STEVE FRANDZEL: We humans manage to foul up our precious water supply in countless ways. Fortunately, a few among us are determined to find better answers to this serious and growing problem. Like Tyler Radniecki, an assistant professor of environmental engineering. His entire career, in fact, has been about cleaning up dirty water, and that’s a pretty tall order.

TYLER RADNIECKI: Overall, our water supply in this country, it is deteriorating, the quality of that water.

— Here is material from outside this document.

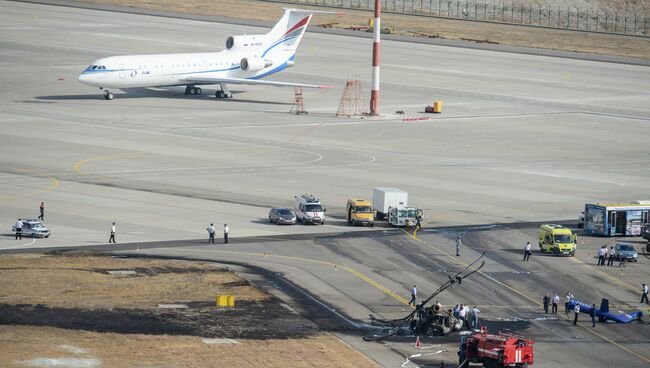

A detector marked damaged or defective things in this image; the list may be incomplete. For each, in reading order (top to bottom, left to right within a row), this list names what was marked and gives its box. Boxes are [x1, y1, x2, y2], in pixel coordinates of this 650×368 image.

burnt wreckage [362, 252, 484, 340]
crashed helicopter [362, 252, 484, 340]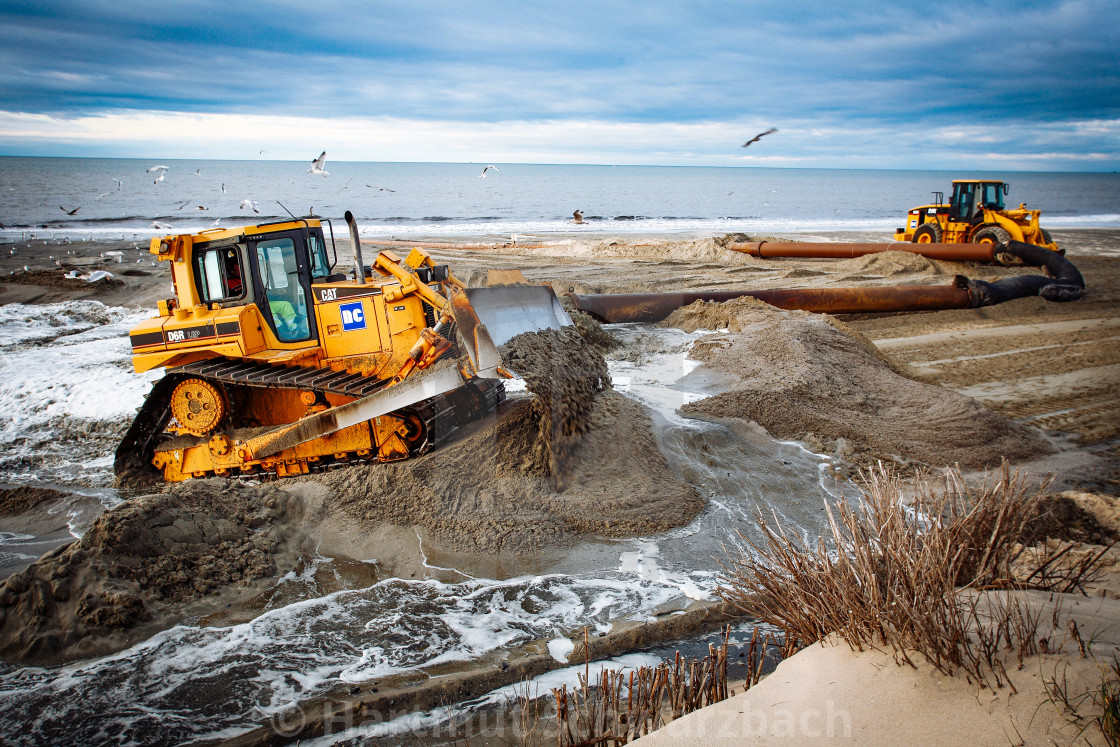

It’s getting worse over time. I can’t tell you if we’re in crisis mode or not, but it’s definitely going in the negative direction. Aquifers are being used up or they’re being contaminated. It’s becoming a bigger impact on the water that we do have.

FRANDZEL: That’s not a lot. Only two-and-a-half percent of the water on earth is fresh. Two thirds of that is locked in glaciers and snowfields, leaving a paltry 1.2 percent that’s easily accessible. And much of that is severely contaminated and undrinkable. So what can be done? Well, stick around and we’ll explore some unusual clean water technologies that’ll give you some reasons to be optimistic.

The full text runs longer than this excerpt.